Hola a todos! Ho voluto cimentarmi in questa... cosa. Non ho idea di cosa ne sia uscito, è la prima volta che scrivo una raccolta, e per di più partendo dal titolo delle singole os. Saranno in tutto undici (Alone, Rejected, Confused, Lost, Anxious, Wrong, Unclean, Ungry, Ashamed, Curious, Used) e credo ne pubblicherò una alla settimana, massimo due. Sarei felice di avere una vostra opinione, un piccolo commentino... anche un semplice "datti all'ippica" (?). Mi scuso in anticipo se c'è qualcosa di strano nell'impostazione del testo, ma purtroppo l'editor di efp non voleva proprio collaborare D:             
Anyway, ora vi lascio alla lettura c: (anche perchè credo che entro trenta secondi  mi andrà a puttane la connessione quindi mi devo sbrigareeeeee D:). 
Ci si vede alle recensioni, pipppppollll (se mai ce ne saranno). 
-Longview   
 
 

If you ever felt…

 

…Alone




Gli esami all’università lo stavano uccidendo. Le sue giornate erano scandite dalla solita routine: la mattina si svegliava, puntualmente si scopriva in ritardo e correva in aula ad attendere che il docente pronunciasse il suo nome, per esaminarlo. Così da due settimane. E il tutto  era condito dalla sua proverbiale ansia, che non lo abbandonava mai da che ne avesse ricordo.
In mezzo agli impegni continui, tra lavoro, studio e lezioni a ogni ora del giorno, difficilmente Gerard riusciva a ritagliarsi del tempo per se stesso o per distrarsi con i suoi pochi amici. Gli sarebbe piaciuto fare uno squillo a suo fratello, sentire come stava e come andavano le cose a scuola, e magari invitarlo a prendere un caffè da lui uno di quei giorni.
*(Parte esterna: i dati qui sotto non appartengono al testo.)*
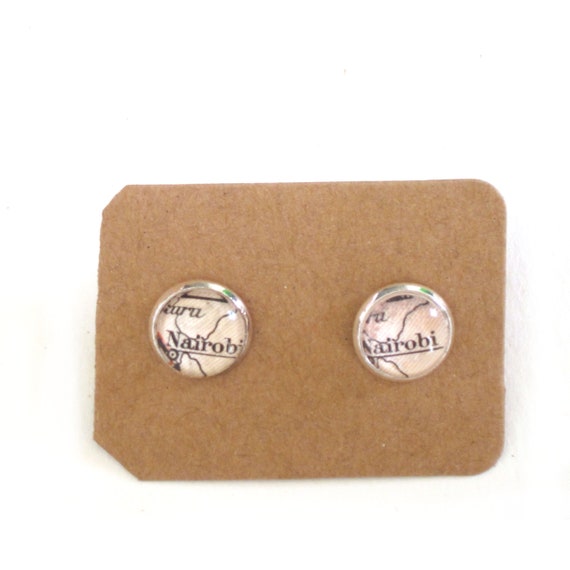 Personalized World map ear studs - Africa variations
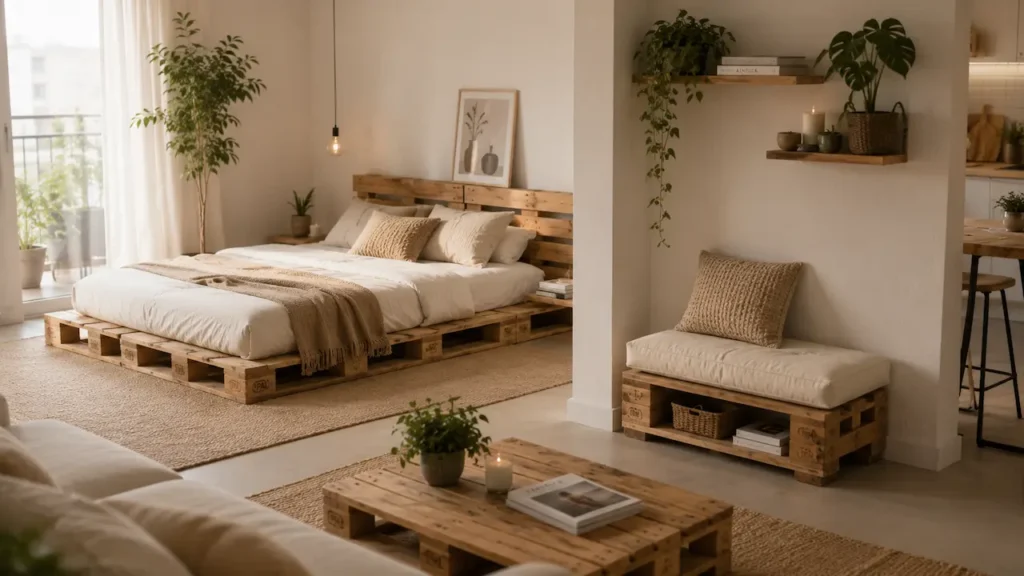 Apartamento com móveis de pallet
Ma sapeva che entrambi erano troppo occupati per permettersi di prendersi una pausa.
Non era mai stato un ragazzo con molti amici lui, era una di quelle persone che non amano la compagnia di altri esseri umani. Ma in quei momenti non poteva negare di sentirsi solo. Non gli faceva effetto la solitudine in sé, ma il fatto di non avere nessuno con cui condividere quello che gli succedeva, con cui parlare dopo una dura giornata di lavoro, o con cui riempire il poco tempo libero che aveva senza dover ricorrere alle sue amiche/nemiche di vecchia data, le inutili bottiglie di birra e alcool che lo perseguitavano da anni.
Da ore era chino sui libri, ripassando per l’ultimo esame che avrebbe dato il giorno seguente, conscio che, oltre a quello, aveva da terminare un importante progetto, da consegnare al suo datore di lavoro entro il mattino dopo. Erano le cinque del pomeriggio, e Gerard ebbe l’improvvisa realizzazione di essere nella merda. Si strofinò a palmi aperti gli occhi, nel tentativo di far sparire tutta la stanchezza come per magia, e magari di far tornare indietro di qualche ora le lancette dell’orologio.
Voleva che tutto andasse per il meglio, ma non era una cosa possibile. Improvvisamente si sentì pervadere da uno strano senso d’ansia, che gli opprimeva il torace e non lo lasciava respirare. Aveva un gran bisogno di vomitare, sentiva distintamente tutte quelle orribili sensazioni che, ne era abbastanza certo, lo stavano portando ad avere un attacco di panico, spingere nell’esofago, o forse lungo la trachea, e che si stavano preparando ad esplodergli nella cassa toracica.
Prese qualche respiro profondo; il suo pensiero costante in quel momento era quello di non perdere tempo, ma non sapeva come sarebbe riuscito ad uscire da quella situazione senza l’aiuto di qualcuno.
Calde e pesanti lacrime presero a cadere dai suoi occhi oliva, piene di angoscia e stress. Avrebbe voluto smettere, nascondere i suoi sentimenti a una presenza immaginaria, forse a se stesso, o magari ricevere un abbraccio -si sentiva patetico, ma era quello che voleva-, qualche parola di conforto sussurrata nell’orecchio. Ma continuava ad essere solo, in quell’appartamento. Avrebbe tanto voluto che una certa persona fosse lì con lui…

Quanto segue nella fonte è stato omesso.